Eskiden asker arkadaşlıklarının büyük bir önemi vardı. Unutulmaz hatıralarla dolu bu asker arkadaşlıkları mektuplaşmalarla, zaman zaman da ziyaretlerle devam ettirilirdi.
Sevgi, saygı, kısacası insânî duyguların daha çok hâkim olduğu o günlerde aslında asker arkadaşlığı gibi her şey değerli ve önemliydi.
Bunun temelinde sevgi vardı. Katıksız, karışıksız, sâfî bir sevgi… Onun için de birbirlerini unutamaz, o günün ulaşımının zor şartlarına rağmen ziyaretlerini eksik etmezlerdi.
Müslim’de yer alan bir rivâyete göre bir adam, başka bir yerdeki arkadaşını ziyaret etmek ister. Cenâb-ı Hak ona bir melek gönderir. Melek adamın yolu üzerine çıkar ve ona nereye gittiğini sorar. O da arkadaşına gittiğini söyler. Bu ziyarette bir menfaati bulunup bulunmadığını sorar melek. “Hayır” der adam. “Ben Allah için severim arkadaşımı.” O zaman melek kendini tanıtır ve “Arkadaşını sevdiğin gibi Allah da seni seviyor” der.1
Görüldüğü gibi bu karşılıksız, Allah için gösterilen sevgiyi Allah da seviyor, kişi Allah’ın sevgili bir kulu oluyor. Amellerin en üstünü de bu değil mi? Allah Resûlü (asm) en faziletli ameli, sevdiğini Allah için sevmek2 olarak göstermiyor mu?
Kâinatın rabıta, manevî çekim gücü olan bu duygu nasıl insanları sevinçten cıvıl cıvıl hâle getiriyor, gam ve kederleri yok ediyor, mutlulukların kaynağı oluyor, insanları moralmen yükseltiyor tarif etmek mümkün değil.
Sevgi bir ilâçtır; şevk ve moral kaynağıdır. Bu mânevî bağı sadece dost ve sevdiklerine değil diğer insanlara, zerrelerden kürelere kadar her şeye uzatabilen insanın mutluluğuna diyecek yoktur.
Sevdiklerini Allah için sevmek kadar büyük bir kazanç düşünülemez.

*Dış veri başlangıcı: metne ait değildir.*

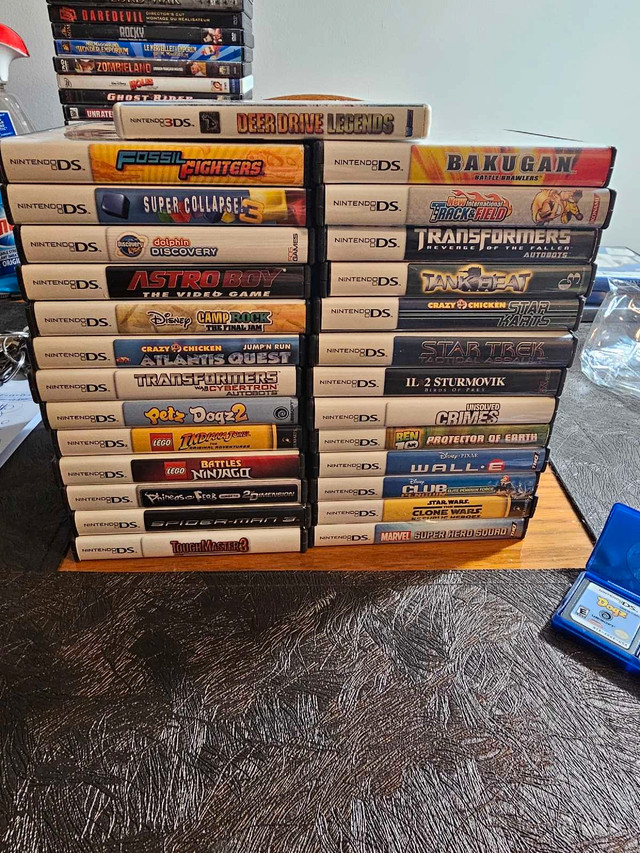 Nintendo DSI + 33 Games  in Nintendo DS in St. Catharines
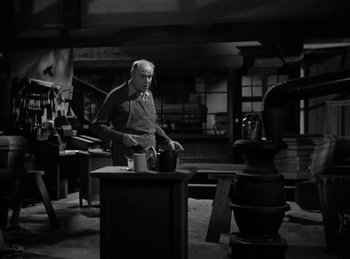 Movie still from “Invisible Agent” (1942), directed by Edwin L. Marin – An old man standing in front of a table in a room; Medium shot, High angle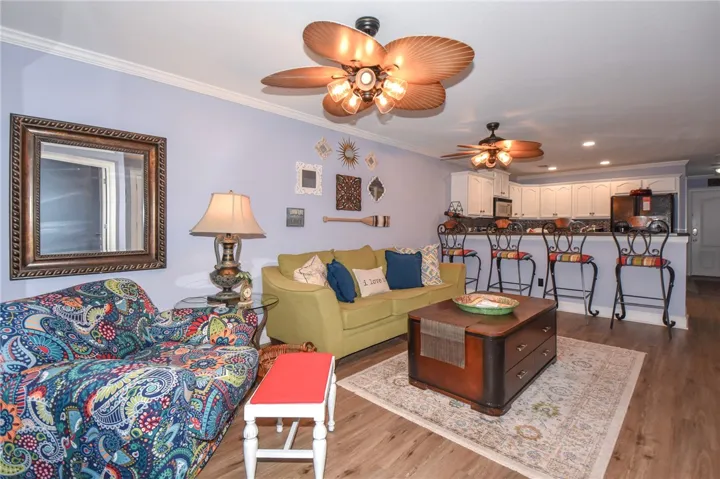 This inviting living area boasts an open floorplan with durable flooring.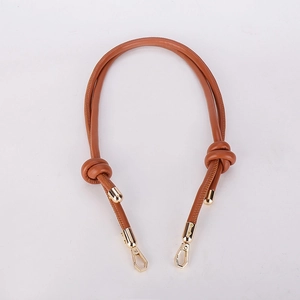 Detail view of brown leather bag strap with polished gold metal hooks for DIY handbags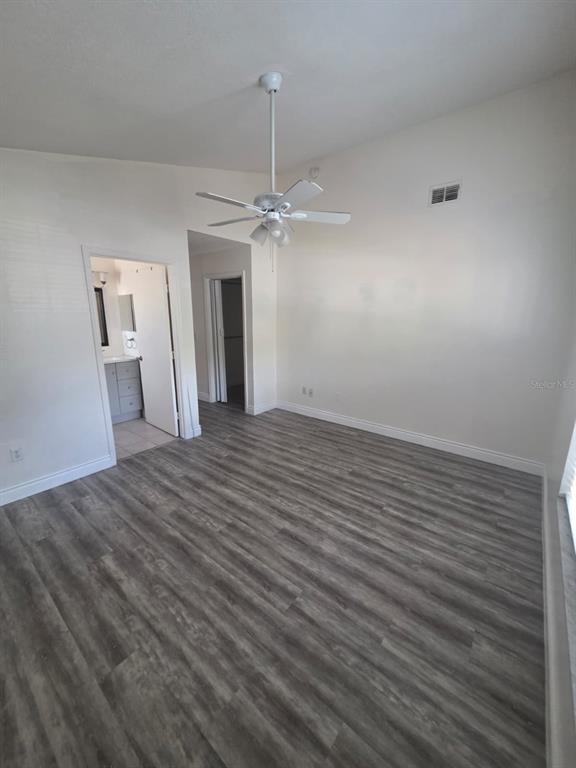 2358 Water View Loop Kissimmee, FL 34743 - Photo 8 of 26 wooden floor in an empty room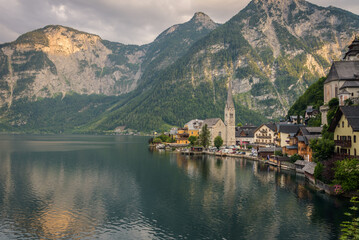 Fototapeta premium Panoramic view of famous old town Hallstatt and alpine deep blue lake in scenic sunset light on a beautiful day in summer, Salzkammergut, Austria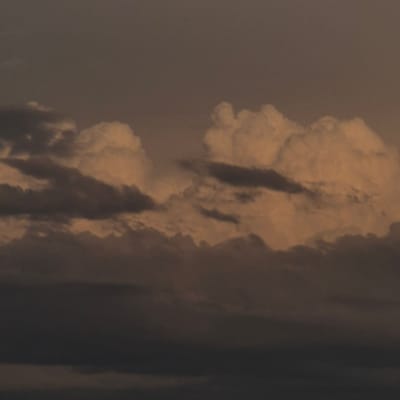This media file depicts a dramatic and turbulent sky, possibly a sky filled with smoke or thick clouds. The main subject appears to be a massive, dark, and billowing plume rising vertically. The plume is illuminated by a warm, orange light from what could be a sunset or sunrise, casting deep shadows and highlighting the textured, swirling nature of the smoke or clouds.
The scene is abstract and somewhat ominous, with the dominant colors being shades of brown, orange, and dark grey. The textures suggest intense atmospheric activity, possibly volcanic eruption or a large-scale fire. The composition is vertical, emphasizing the upward movement and immensity of the plume. There are no discernible people, objects, or specific location cues, other than the provided context of "Novostroyka, Russia." The time of day is suggested by the warm lighting, implying either dawn or dusk. The weather is clearly extreme and dramatic, characterized by the thick, turbulent atmospheric phenomenon. No text is visible in the image.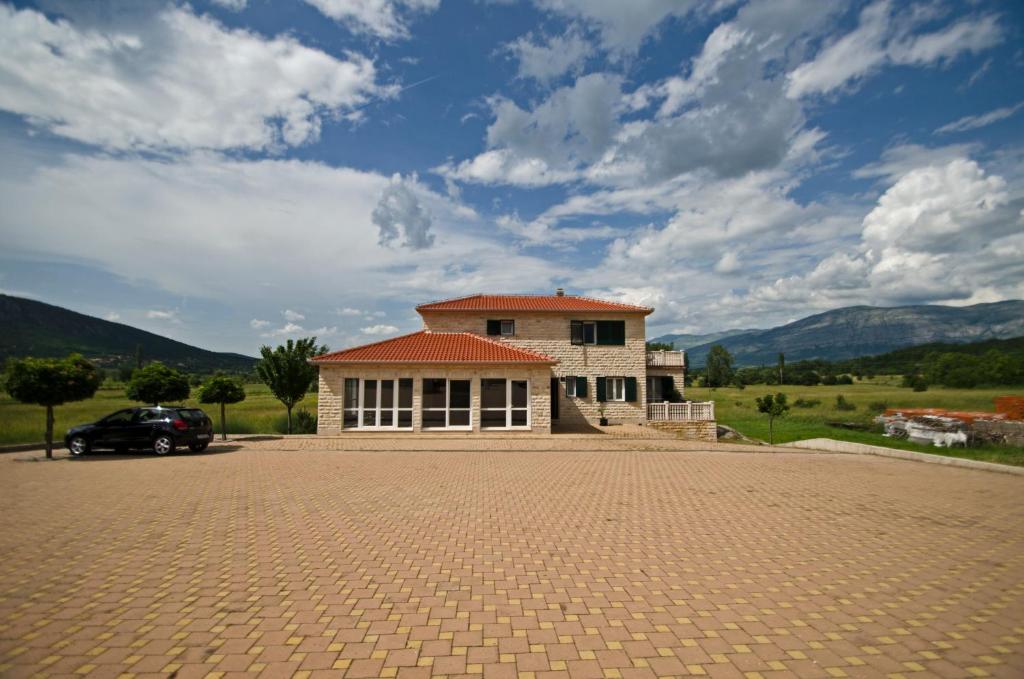 a house with a large driveway in front of it at Rooms Leda in Vrlika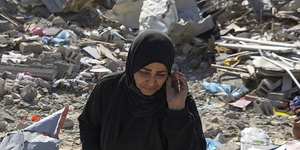 Manual Aslim walks through the rubble of her destroyed home in Rafah.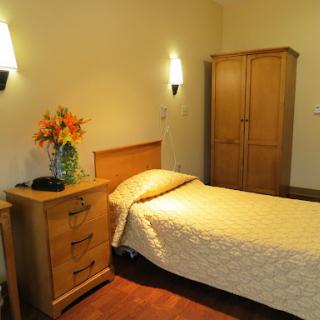 A cozy bedroom featuring a single bed, wooden furniture, and decorative flowers.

Bir kudsî hadis-i şerifte dikkat çekilen şu gerçek başka hiçbir şeyle elde edilemeyecek bir kâr vaadeder insana. Cenâb-ı Hak, ancak rızası ve büyüklüğü için birbirlerini sevenler için Mahşer gününde, “Arş’ımın gölgesinden başka hiçbir gölgenin bulunmadığı bu günde, ben onları gölgem [himayem] altına alırım”3 buyuruyor.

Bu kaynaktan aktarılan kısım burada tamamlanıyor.